Юлий говорит впервые после нашей ожесточенной схватки во дворе:
— Это поможет тебе удержать еду внутри.
— Еду? — О чем он?
Мужчина ведет себя с достоинством, с колоссальной выдержкой.
— У девушки моего приятеля была такая же проблема. Прими таблетки. Ты должна есть. — Он добавляет: — Для ребенка.
Ребенка?
О, господи!
Мой желудок скручивает в узел, что я не могу скрыть гримасу боли на своем лице.
— Ребенка, — бормочу я, сжимая материал одной рукой, а другой оранжевую баночку с таблетками. Я смотрю на стену над головой Линг.
Я не знаю, что мне делать.
Юлий смотрит на меня заботливо, но Линг… она видит меня. Она видит то, чего не видит Юлий.
Это я обманщица. Мошенница.
Если у меня есть шанс исправить вред, который я уже нанесла, и заставить Юлия взглянуть на меня как на личность, а не на мешок с дерьмом, я должна быть честной. Мне нужно, чтобы он достаточно доверился мне, чтобы ослабить свои защитные инстинкты. Мне нужно, чтобы он перестал подозревать меня, чтобы я могла достать его пистолет и покончить с этим.
Прежде чем страх обездвиживает меня, я бросаю оранжевый тюбик обратно Юлию. Он качает головой и начинает:
— Нет нужды стыдиться…
Я говорю слабым голосом:
— Ребенка нет. — Еще тише: — Я солгала.
Он моргает, смотря на меня, в его пристальном взгляде читается недоверие.

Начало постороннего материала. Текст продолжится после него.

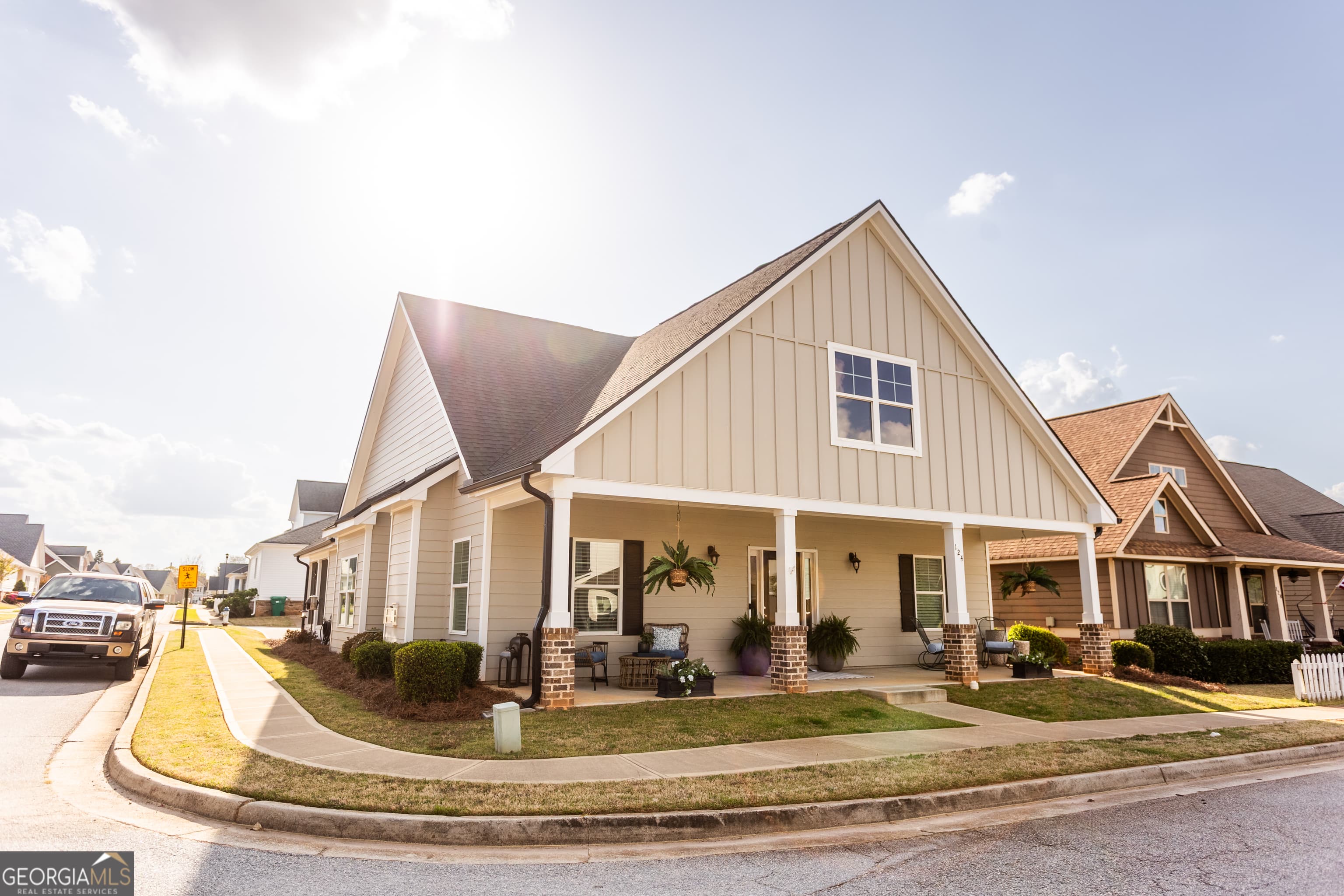 124 Tan Yard Rd — photo 2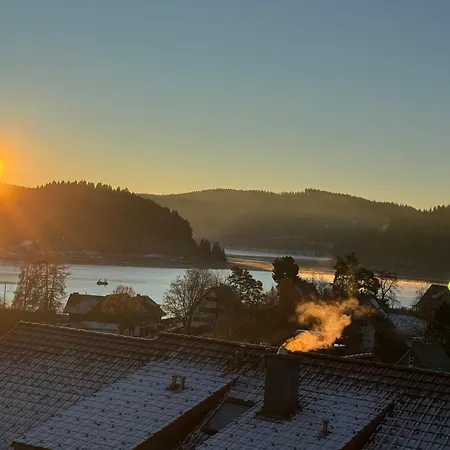 Lakeview דירה שלוכזי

В тот момент, когда его тело становится неподвижным и безмолвным, мое сердце бешено бьется. Когда Юлий встает, наклоняется, чтобы ухватиться за край кофейного столика, у меня болит в груди, и тело становится холодным, как лед. Я вскакиваю на диван, встаю на колени и быстро поднимаюсь, чтобы закрыть уши сжатыми кулаками.

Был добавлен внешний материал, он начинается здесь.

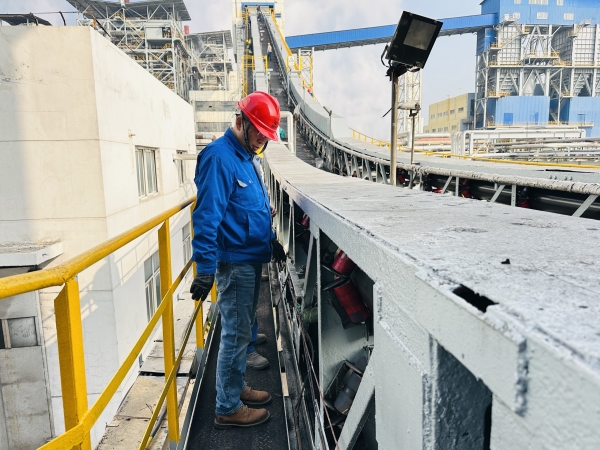 1730859086307388.jpeg 11月5日上午,公司副總工程師、生產部副部長宋國慶帶隊,對管式帶棧橋加固項目進行初次驗收.jpg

Я знаю, что будет. Я видела уже это выражение раньше на лице мужа.
Это затишье перед бурей.
Журнальный столик переворачивается, врезаясь с грохотом в стену, от силы удара на стене остается зияющая дыра.
Юлий вздыхает.
— Черт возьми, Алехандра!
Вены на его шее напрягаются с каждым грубым словом. Он начинает ходить в том месте, где раньше стоял кофейный столик. Он открывает рот и выпускает поток проклятий:
— Бл*дь. Черт возьми! Я не верю. — Он возобновляет шаг, кричит еще немного, но что-то уводит меня от реальности. — Все было ложью?
Он поворачивается ко мне лицом, руки на бедрах, его небесно-голубые глаза пылают.

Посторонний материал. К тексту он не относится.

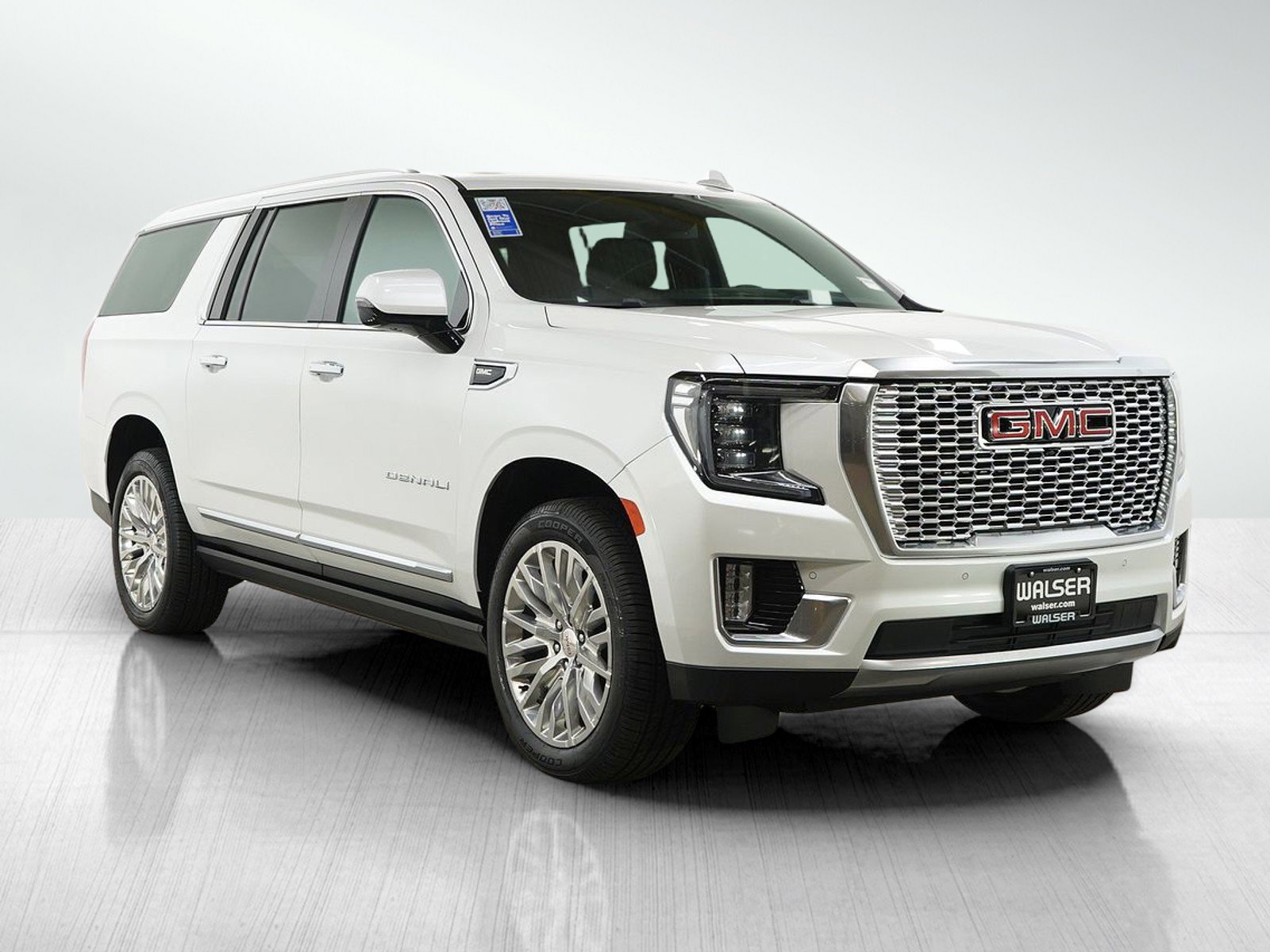 Used 2024 GMC Yukon XL Denali w/ LPO, Floor Liner Package AWD/4WD image 7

— Ответь мне. — Мой разум дергает мое подсознание, взмахивая пальцем, шепча: «Пойдем со мной», и границы между реальностью и галлюцинациями стираются. Я больше не слышу его голос, но вижу, как двигаются его губы.
— Ответь мне.
Скрытое воспоминание выходит из темноты, защитного места, которое я давно похоронила.
Поездка в Нью-Йорк на двадцать второй день рождения звучит как сон. Конечно, это выглядит как забавный способ отпраздновать. Теоретически.
Когда Дино подошел ко мне на прошлой неделе, сказав, что у него дела в Нью-Йорке, и, вероятно, он пропустит мой день рождения, я забыла надеть маску на лицо, так как была слишком довольна этой возможности.
Без Дино я смогу провести это время со своей семьей, братом и сестрами, другого времени у меня не было. Дино не нравилось, что я проводила слишком много времени в доме моего отца.
Я была его женой. Мое место было с моим мужем, как и мои привычки.
Паранойя моего мужа достигла точки, когда даже его самым близким друзьям и семье не разрешалось оставаться со мной наедине. Конечно, он никогда не приходил и ничего не говорил, но его доверие к другим сильно уменьшилось.